9 Aralık 2024 / 7 Cemaziye Ahir 1446

İslâm Ahlakı: İyiliği Emretmek Kötülükten Sakındırmak

Allâh-ü Zü’l-Celâl Hazretlerinin yaratılıştan ona lütfettiği yüce ahlâk, hayâ, kanaat, şecâat, kötülüklerden vazgeçme ve hilm gibi pek çok haslet ve her türlü güzel huy onun tabiatında yer etmişti. Neden? Çünkü onu Rabbi Zü’l-Celâl’i terbiye etmişti de ondan. Yine bizzat Rasûlullah (sav) Efendimiz’den öğreniyoruz:

تأدبي  بني ربي فاحسن الد

“Beni Rabbim terbiye etti ne güzel eyledi” buyuruyor. Ne güzel terbiye etti. Bu hadisin îrâd nedeni nedir?

Efendimiz (sav) henüz doğmadan babasını kaybetmişti biliyorsunuz. Üç-beş yaşlarında annesini de kaybedince, melekût âleminde bir kaynaşma, bir dalgalanma olmuştu. “Melekût âlemi yasa boğulmuştu” diyor siyer ve tarih yazarları… Mahzun ve mükedder tazarru ve niyaz ettiler:

           “Ya Rabbi, sen bildirmezsen biz bilemeyiz. Habîb-i Edîbim dediğin, zerrelerden kürelere aşkına vâr eylediğin Habîbini babasız ve annesiz bıraktın. Hem öksüz hem yetim… Bu ne hikmettir biz bilemiyoruz.”

Cenâb-ı Hâk (c.c): “İyi ya, Habîbimi bir beşerin ellerine, terbiyesine bırakmazdım, bırakmam. Onu bizzat terbiye edeceğim” buyurdu. İşte hadisin îrâd nedeni budur deniyor.

Allâh’ü Zü’l Celâl ve’l-Kemâl hazretleri’nin terbiye ettiği ve nübüvvet için yetiştirdiği (sav)’den nahoş bir hareket asla sâdır ve vaki olmamıştır.

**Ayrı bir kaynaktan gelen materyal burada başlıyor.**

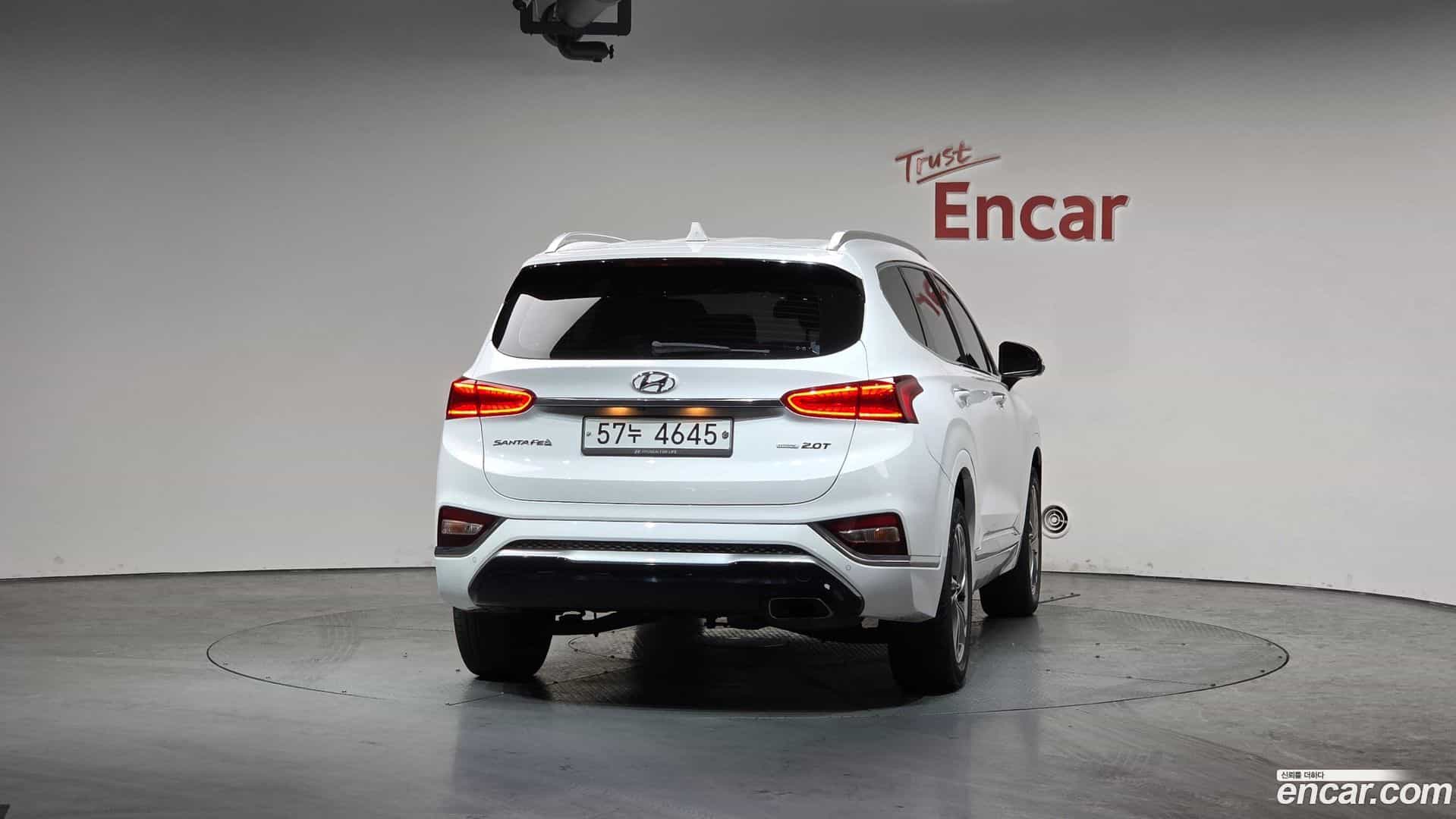 Santafe Hyundai 2018.8-OUTER-004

Şimdi hadîs-i peygamberîye bakalım. Efendimiz:

“Ben güzel ahlâk-ı tamamlamak için gönderildim” buyuruyor. Başka bir şey için değil güzel ahlâkı tamamlamak için gönderildim diyor.

Bir başka hadîs-i peygamberide ise birisi geliyor, (sav) Efendimizden güzel ahlâkı soruyor. Cenâb-ı Peygamber ona cevap olarak Âraf sûresi 7/199. âyet-i celîlesini okuyor:

           “Sen bağışlama yolunu tut, (yâni af yolunu tut) iyiliği emret ve cahillerden yüz çevir (yâni onlara aldırış etme).”

Sonra devamla: “Güzel ahlâk, senden sıla-i rahmi kesen akrabana gitmen, sıla-i rahim yapmandır.” Yâni senden ilgisini kesene mutlaka gitmendir. Gelene kim olsa gider, gelmeyene gitmek önemlidir. Devamla, “seni mahrum edene vermendir” buyurdular.

İslâm’da karşılık vermek çok güzel bir şeydir, hediyeleşmek sünnettir ama sana vermeyen, seni mahrum eden, hatta sana buğzedene vermektir önemli olan. Güzel ahlâkın alâmeti, belirtileridir bütün bunlar.

Hadisin devamında üçüncü olarak: “Sana zulmedeni affetmendir” buyurdular.

Bildiğiniz gibi bütün güzel hasletler (sav) Efendimiz’de doruk noktasındaydı. (sav) Efendimiz hayat-ı saadetlerinde peygamberliğinden önce de “Muhammed’ül Emîn” diye anılıyordu, biliniyordu. Asla kimseye buğz etmemiştir. Kendi şahsı için kendi nefsi için hiç kimseye küfretmemiştir, kötü söylememiştir. Ne eliyle, ne diliyle, lânet etmemiştir. Uhud’da, dişi şehit olmuş, yüzüne miğfer batmıştı. Rasûlullah (sav) Efendimizin emrine imtisâl etmeyen okçuların gafletlerinden dolayı, gerileme gibi bir şey meydana gelmişti. Ashab geldiler çevresindeler: “Ey Allah’ın Resûlü, Allah sizin dualarınıza icabet eder, dua buyurun! Dua buyurun da şunları kahretsin.”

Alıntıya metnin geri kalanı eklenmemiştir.